2013-05-16 Thread Sage Weil
On Tue, 14 May 2013, Faidon Liambotis wrote:
 On 05/10/13 19:02, Yehuda Sadeh wrote:
  Sounds to me like package versioning mismastch. Could it be that one
  of the ceph packages was on a different version (e.g., librados).
 
 I attempted to install and run radosgw 0.61.1 on a system with a 0.56.4
 librados and it segfaulted with the same backtrace as the one in this thread.
 
 If a newer radosgw can't work with an older librados, this should be reflected
 on the package relationships -- hopefully without nasty Breaks/Conflicts, but
 with a proper librados SONAME bump that will allow coinstability between
 librados2 and e.g. librados3. Or symbol versioning could be employed to
 provide backwards compatibility.
 
 This installed-but-segfaulting combination of packages shouldn't be allowed by
 apt to exist on the system. FWIW, if these were packages in Debian (and,
 presumably, Ubuntu), that would be a severity: serious/release critical bug.

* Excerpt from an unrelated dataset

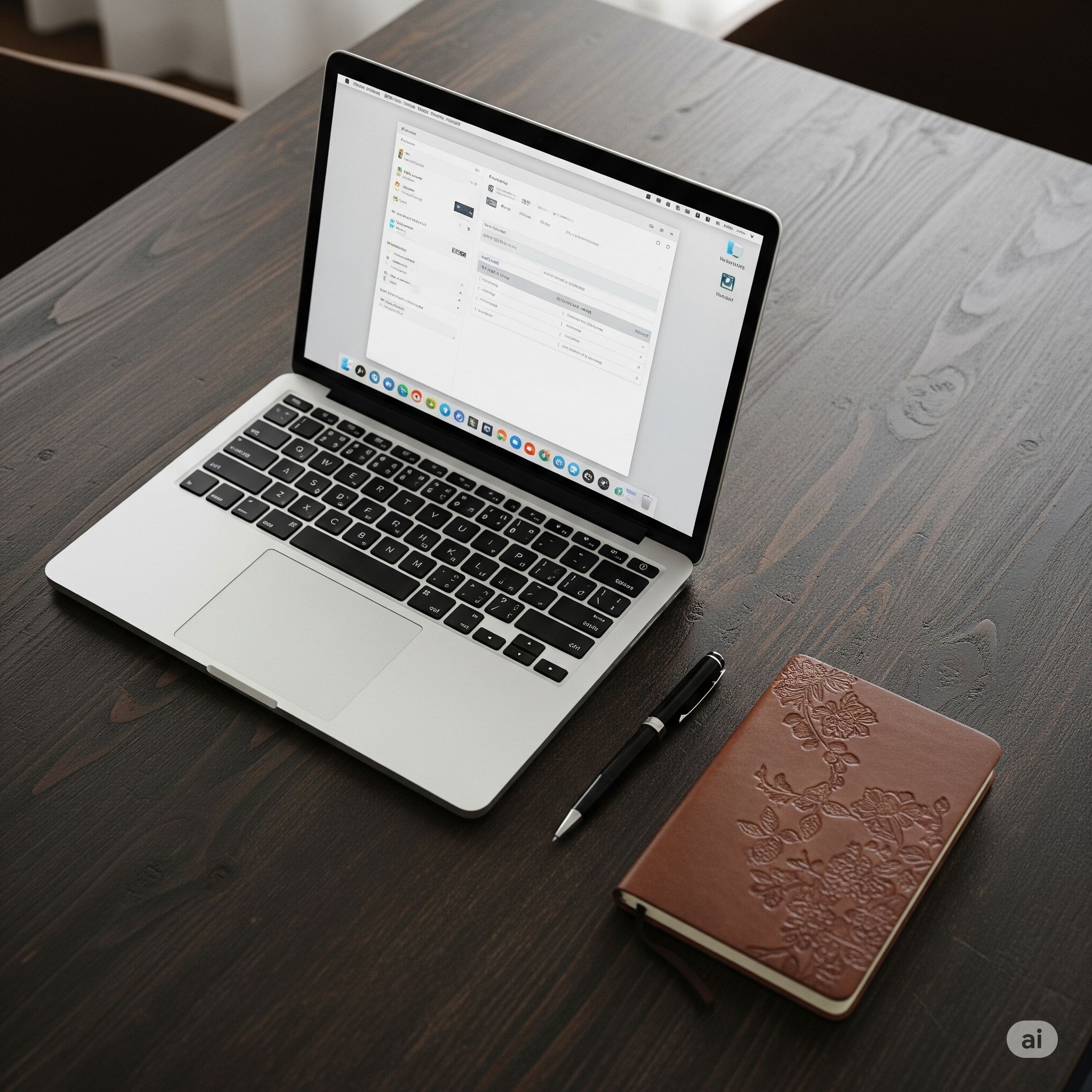 Professional workspace with laptop showing administrative work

I believe this is actually a problem with radosgw statically linking some 
of the same stuff that librados includes, and not with the librados ABI 
changes.  We need to fix that somehow.. In the meantime, though, setting 
the radosgw package to require a matching librados2 ought to do the trick.

 It'd also be nice to be able to do things like mixing newer radosgw while also
 keeping the old librados2 on the system. My use case is that I have monitors
 and radosgw on the same boxes and I'd like to keep monitors on bobtail, while
 at the same time use some of the much needed radosgw cuttlefish features.

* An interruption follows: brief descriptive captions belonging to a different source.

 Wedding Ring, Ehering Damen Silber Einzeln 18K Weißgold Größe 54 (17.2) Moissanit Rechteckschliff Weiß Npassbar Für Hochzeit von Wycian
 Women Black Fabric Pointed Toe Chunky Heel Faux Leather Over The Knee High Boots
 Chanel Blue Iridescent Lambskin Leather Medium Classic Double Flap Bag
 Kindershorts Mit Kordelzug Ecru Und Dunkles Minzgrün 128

ceph-common need sto match the librados2 version, but ceph (which contains 
ceph-mon) does not, so you should be able to have dufferent ceph-mon and 
radosgw versions if we do the above.

sage
--
To unsubscribe from this list: send the line unsubscribe ceph-devel in
the body of a message to majord...@vger.kernel.org
More majordomo info at  http://vger.kernel.org/majordomo-info.html


Re: Seg Fault on rgw 0.61.1 with cluster in 0.61

2013-05-14 Thread Faidon Liambotis

On 05/10/13 19:02, Yehuda Sadeh wrote:

Sounds to me like package versioning mismastch. Could it be that one
of the ceph packages was on a different version (e.g., librados).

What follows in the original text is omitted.